Bons eram os tempos em que pessoas ligadas a várias confissões ministravam ensinamentos nas igrejas, templos e escolas numa ação gratuita
O DIA
Rio - Fé é dom gratuito. Uns têm, outros não. Fazer apologia de uma crença é cabível quando não envolve a satanização de quem não adere. É uma questão de educação, de civilidade, de compreensão sobre a liberdade do outro e sobre a singularidade do outro. Se o país, pela Constituição, é laico, as pessoas podem não ser e ter direito a praticar sua religião sem ser molestadas, usando outra prerrogativa constitucional, que é o direito de ir e vir, de pensar e de se associar.
Cabe aos governantes exigir o cumprimento das leis porque apedrejar uma pessoa por causa de sua fé é crime. São, portanto, irresponsáveis aqueles religiosos que pregam a intolerância e que, ao mesmo tempo, esperam as decisões do Supremo para entrar nas escolas e ensinar a sua fé para os que quiserem ouvir.
Não vejo com bom olhos as cores que estão sendo impregnadas no horizonte. Se o ensino religioso tiver uma cor cinzenta, dado que a legislação deseja um ensino não proselitista, pergunto, então, a quem ele interessará? Se for proselitista, não estará adequado às propostas legais. Mas o que mais me preocupa é a transformação das escolas em palco de disputas, agressões e ofensas mútuas, onde cada um defende a sua fé como único caminho para se chegar a Deus.
Caso tal situação seja configurada pela falta de preparo dos docentes, a escola, em vez de ser local onde os alunos devem aprender a conviver, será um espaço de violência — o que fere todo e qualquer princípio religioso que visa a aproximar as pessoas, porque, se há um criador, as criaturas serão à sua imagem e semelhança.

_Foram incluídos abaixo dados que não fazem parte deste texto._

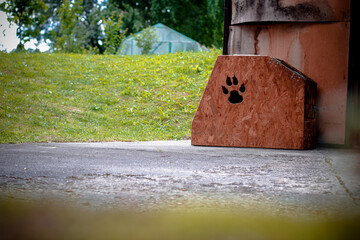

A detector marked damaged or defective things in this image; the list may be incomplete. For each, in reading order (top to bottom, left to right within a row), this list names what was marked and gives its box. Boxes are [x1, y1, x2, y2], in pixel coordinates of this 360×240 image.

rusty brown pillar [225, 0, 352, 145]
cracked concrete surface [0, 141, 358, 216]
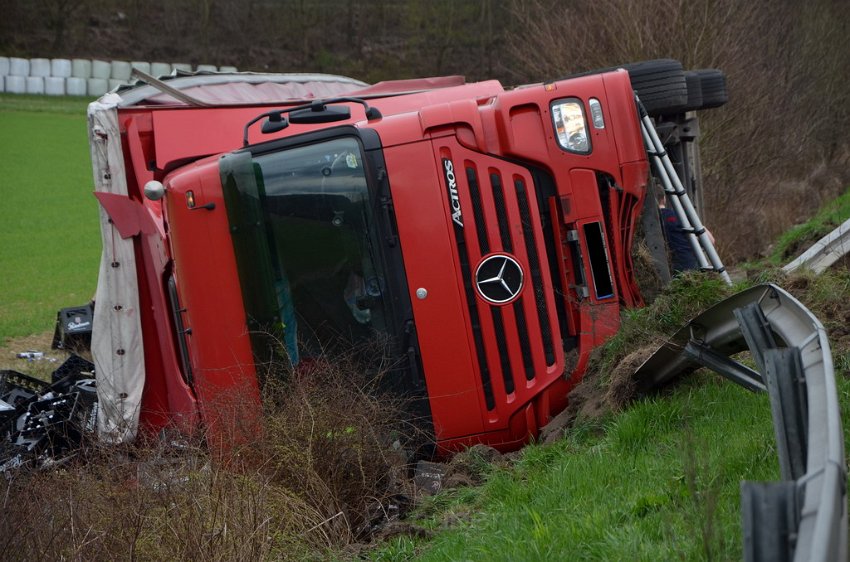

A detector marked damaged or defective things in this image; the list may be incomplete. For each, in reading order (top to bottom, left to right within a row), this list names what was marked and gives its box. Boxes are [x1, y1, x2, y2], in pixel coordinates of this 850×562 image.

overturned red truck [83, 63, 708, 452]
damaged guardrail [632, 284, 844, 560]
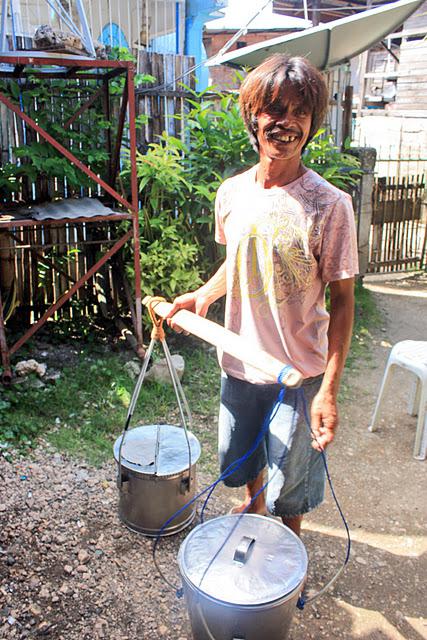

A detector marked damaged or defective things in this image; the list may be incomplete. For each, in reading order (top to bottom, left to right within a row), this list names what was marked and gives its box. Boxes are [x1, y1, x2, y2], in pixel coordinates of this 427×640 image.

rusty metal frame [0, 55, 144, 380]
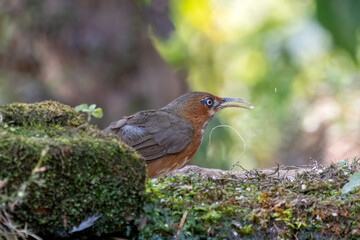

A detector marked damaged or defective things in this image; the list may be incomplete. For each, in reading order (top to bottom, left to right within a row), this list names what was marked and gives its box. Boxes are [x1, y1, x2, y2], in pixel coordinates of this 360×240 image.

rusty-cheeked scimitar babbler [102, 92, 252, 178]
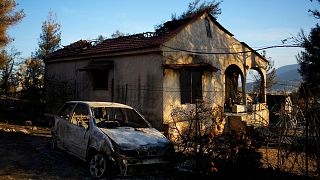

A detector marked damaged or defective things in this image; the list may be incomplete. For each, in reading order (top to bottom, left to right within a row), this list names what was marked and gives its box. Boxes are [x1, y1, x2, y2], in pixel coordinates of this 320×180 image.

broken window [92, 70, 108, 90]
damaged roof [44, 11, 232, 60]
burned house [45, 11, 268, 134]
damaged house facade [46, 11, 268, 135]
broken window [180, 68, 202, 104]
burned car [51, 100, 174, 178]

Hoje, é verdade, os professores costumam ser até agredidos pelos discentes e até por algumas famílias. Se um professor de Ensino Religioso agredir verbalmente ou por via de fato um aluno, ele será corrigido pelas secretarias de Educação, tanto quanto os demais profissionais? Espero que não seja a religião um escudo para a prática de desumanidades porque, se as que ocorrem em via pública adentrarem as escolas, teremos uma deseducação religiosa.
Bons eram os tempos em que pessoas ligadas a várias confissões ministravam ensinamentos nas igrejas, templos e escolas numa ação gratuita. Não podemos confundir a ação virtuosa de quem ensina alguma doutrina religiosa com a ação voraz de quem quer, a qualquer custo, um contrato pago pelo poder público. Não será novidade se o dano for pior que a proposta.